Historical population
| Census | Pop. | Note | %± |
| 1900 | 406 |  | — |
| 1910 | 524 |  | 29.1% |
| 1920 | 846 |  | 61.5% |
| 1930 | 658 |  | −22.2% |
| 1940 | 661 |  | 0.5% |
| 1950 | 620 |  | −6.2% |
| 1960 | 510 |  | −17.7% |
| 1970 | 618 |  | 21.2% |
| 1980 | 632 |  | 2.3% |
| 1990 | 555 |  | −12.2% |
| 2000 | 436 |  | −21.4% |
| 2010 | 509 |  | 16.7% |
| 2020 | 578 |  | 13.6% |
U.S. Decennial Census

===2020 census===

As of the 2020 census, Billings had a population of 578. The median age was 47.2 years. 13.5% of residents were under the age of 18 and 22.5% of residents were 65 years of age or older.

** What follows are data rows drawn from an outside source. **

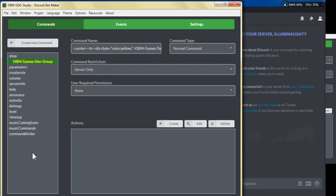Hey everyone, this is Eliminati from the Discord Bot Maker Gamers Dev Group and today we're going to work on a shop and money system that you can create within Discord Bot Maker.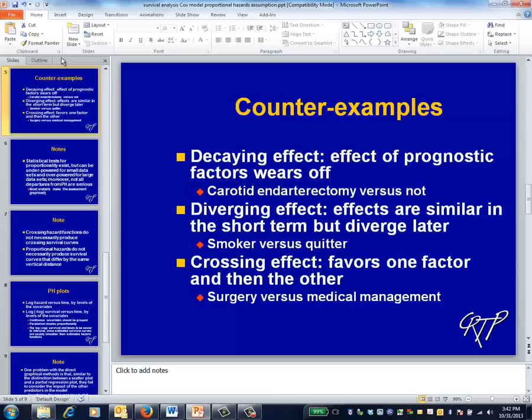The place to start is with mechanism of action — in other words, using your knowledge of the underlying medical science. This slide illustrates three possible mechanisms of action, of which only the latter provides a definite red flag. For example, if the impact of an intervention is positive but decays over time, then fitting a proportional hazards model will estimate the average effect over time, which might very well be sufficient for your purposes.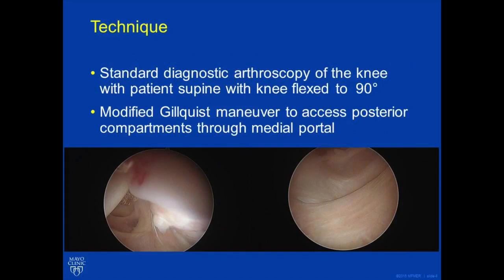First, a standard diagnostic arthroscopy is carried out with the anterior medial and anterior lateral portals established at 90 degrees of flexion. Once the surgeon is ready to proceed to access the posterior compartments, a modified Gilchrist maneuver is performed passing between the medial femoral condyle and the medial border of the PCL, which can be seen in the left-hand picture, and subsequently the posterior compartments of the knee can be visualized as seen in the right-hand picture.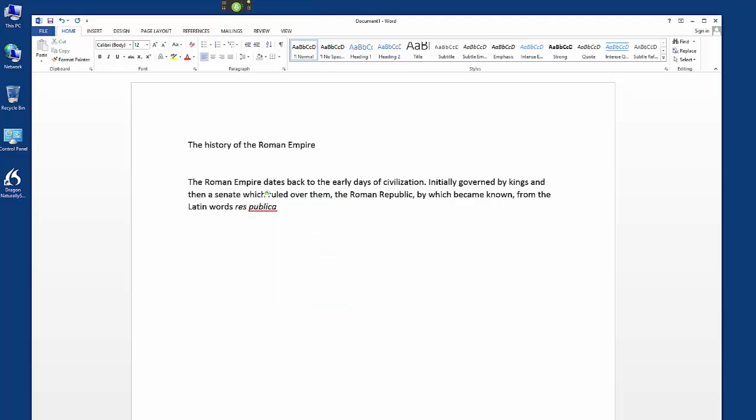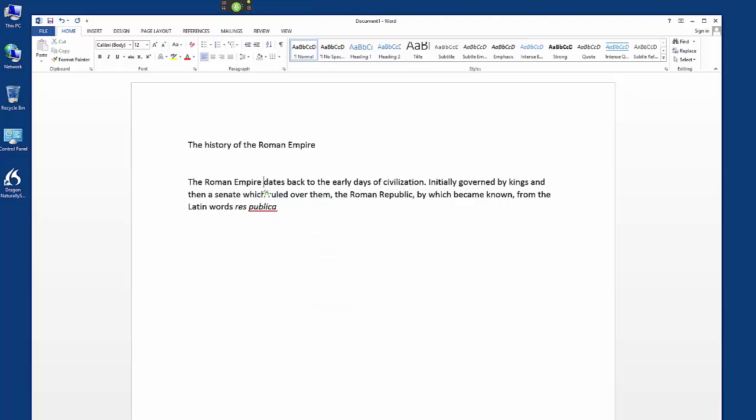Select the history of the Roman Empire. Choose one.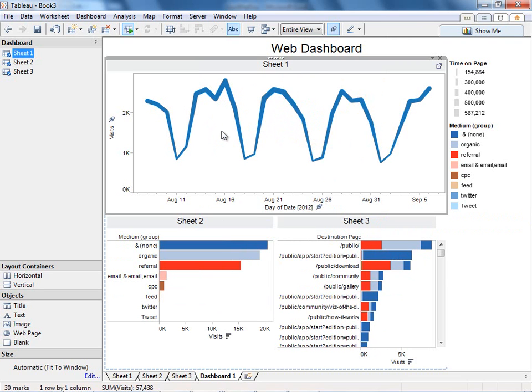So this is an enormously powerful way to combine web data with other data sources and build custom dashboards to really understand what's going on in your website.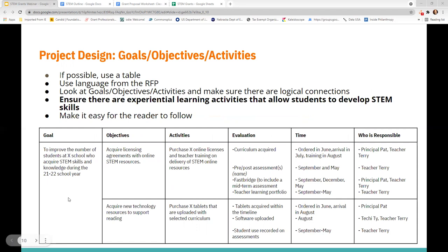In project design — another carryover from our grant basic session — this table is a great way of outlining your project design section. For STEM proposals, ensure there are experiential learning opportunities for students to allow them to explore and develop STEM skills. This could be maker space time during class, after school, or before school. It could include internships, job shadowing, tours with area STEM businesses, or projects that can result in an individual or community benefit.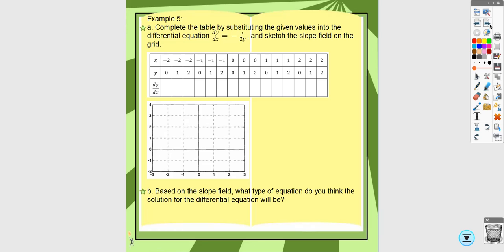For this next example, we have both X and Y in the differential equation. Anywhere that Y equals zero, the slope is undefined — you get a constant over zero — so those become vertical line segments in the slope field. Don't write infinity for the slope; the slope is undefined, and those points get vertical lines.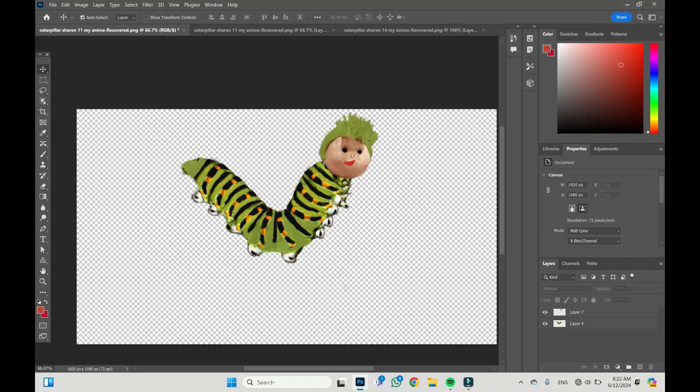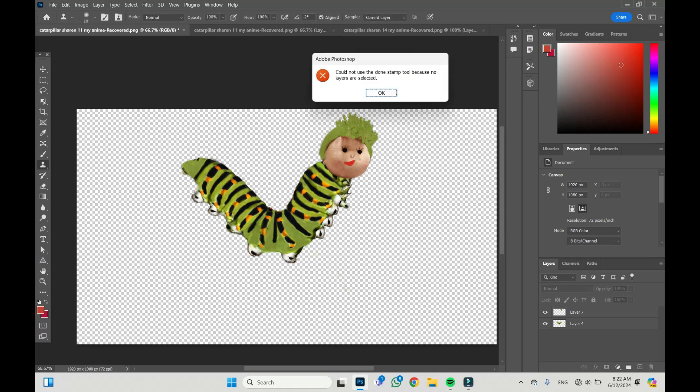Hi, I'm Derifrance. This is Photoshop, and I want to use the Clone Stamp tool. I choose it. But it's written that I couldn't use the Clone Stamp tool because no layers are selected.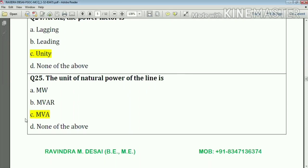Question number twenty-five: the unit of natural power of the line is MVA. Answer: option C.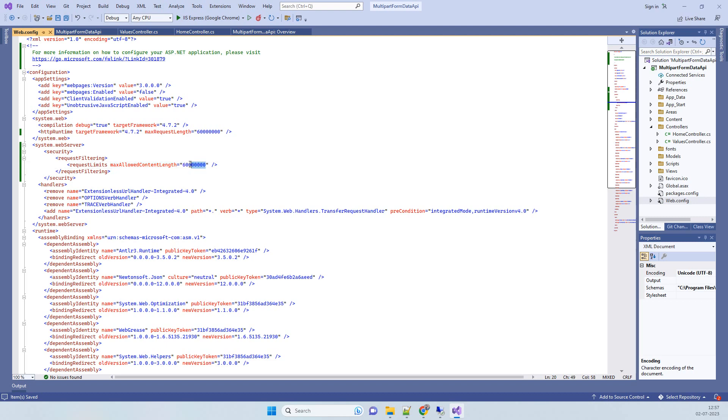This value basically is approximately 60 MB, so that will support the 47 MB file upload. You also have to add httpRuntime and maxRequestLength here as well. Once you do both of these changes,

For every 100 females there were 92.0 males, and for every 100 females age 18 and over there were 89.4 males age 18 and over.

0.0% of residents lived in urban areas, while 100.0% lived in rural areas.

There were 126 households in Billings, of which 40.5% had children under the age of 18 living in them. Of all households, 37.3% were married-couple households, 20.6% were households with a male householder and no spouse or partner present, and 33.3% were households with a female householder and no spouse or partner present. About 31.0% of all households were made up of individuals and 16.6% had someone living alone who was 65 years of age or older.

There were 164 housing units, of which 23.2% were vacant. The homeowner vacancy rate was 1.2% and the rental vacancy rate was 8.0%.

Racial composition as of the 2020 census
| Race | Number | Percent |
|---|---|---|
| White | 494 | 85.5% |
| Black or African American | 16 | 2.8% |
| American Indian and Alaska Native | 37 | 6.4% |
| Asian | 5 | 0.9% |
| Native Hawaiian and Other Pacific Islander | 0 | 0.0% |
| Some other race | 1 | 0.2% |
| Two or more races | 25 | 4.3% |
| Hispanic or Latino (of any race) | 4 | 0.7% |

===2010 census===
As of the census of 2010, there were 509 people, 171 households, and 95 families residing in the town. The population density was 687.2 PD/sqmi. There were 212 housing units at an average density of 331.0 /sqmi. The racial makeup of the town was 93.7% White, 2.9% Native American, and 2.0% from two or more races. Hispanic or Latino of any race were 2.29% of the population.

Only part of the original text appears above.